Description: This Phase I SBIR contract will apply the principles of integrated materials computational engineering the the design and fabrication of a integral thermal protection system cyrogenic storage tank. ANSYS modelling will be carried out to sub-optimize the materials properties necessary for an integrated structure-insulation-thermal protection system using miltilayered thermally insulating syntactic foams core structure. By combining structural and insulation performance in a high temperature structure, a 65-100% reduction in parasitic thermal protection weight can be achieved. multilayer sandwich panel coupons will be fabricated and characterized for cryogenic to high temperature properties and thermal cycle response to validate the model, and manufacturing pathfinding efforts will be conducted for production of curved multilayered sandwich panels. structures.
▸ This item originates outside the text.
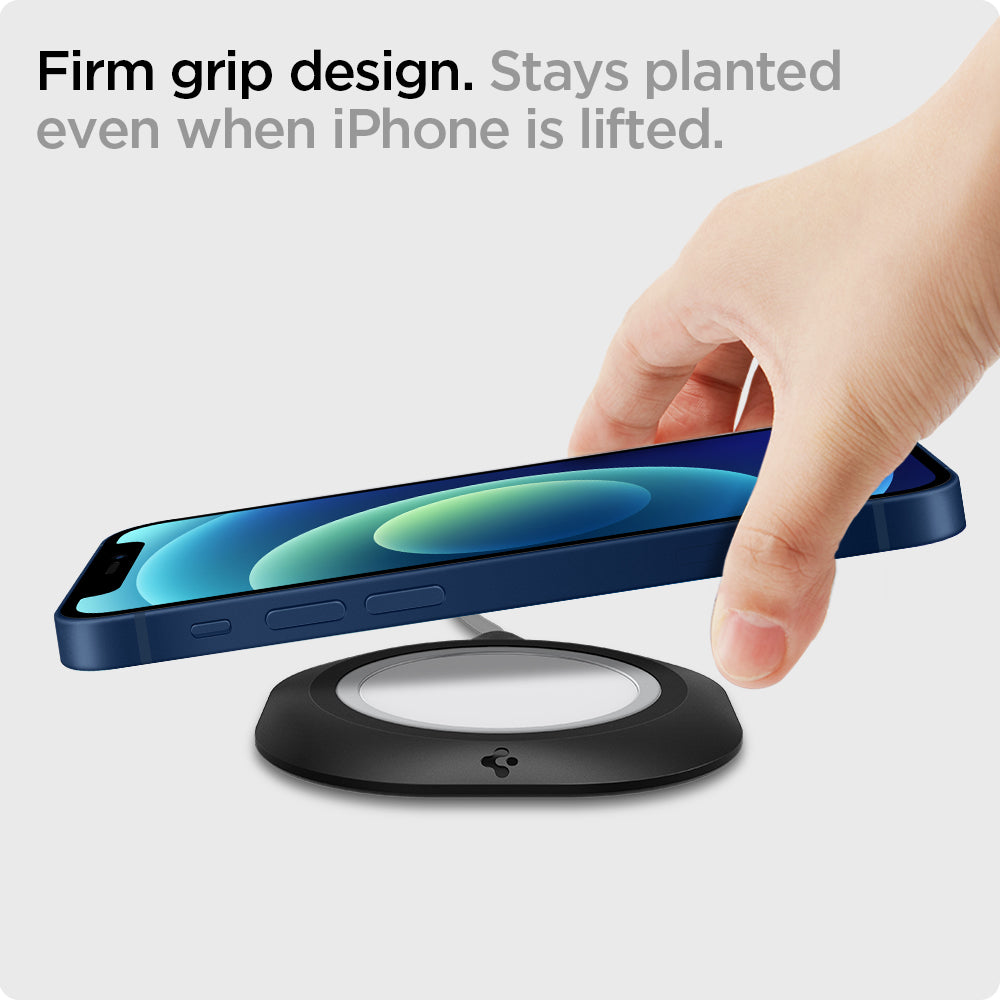 AMP03708 - MagFit in black showing the firm grip design, stays planted even when iPhone is lifted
Benefits: The development of an integral structural-insulation-TPS cryotank can reduce parasitic insulation requirements by early 10,000 lbs for a shuttle tank equivalent for future launch vehicle systems. The addition of validated ICME for closed cell foam-core multilayer structures can speed insertion of multifunctional hot structures for a variety of applications, ranging from hypersonic acreage structures to low boil-off cryotanks and dry bay structures. Integrating structural cryogenic insulation into a sandwich panel construction can be enabling for zero boil-off storage systems for interplanetary missions.

Improved cryogenic structures, including structural cryogenic insulation can reduce the cost of commercial space launch services. reducing heat losses in low and high temperature storage and piping systems can result in improved economics and safety for liquified natural gas (both large scale and transportation tanks), and improved geothermal and offshore energy pipelines.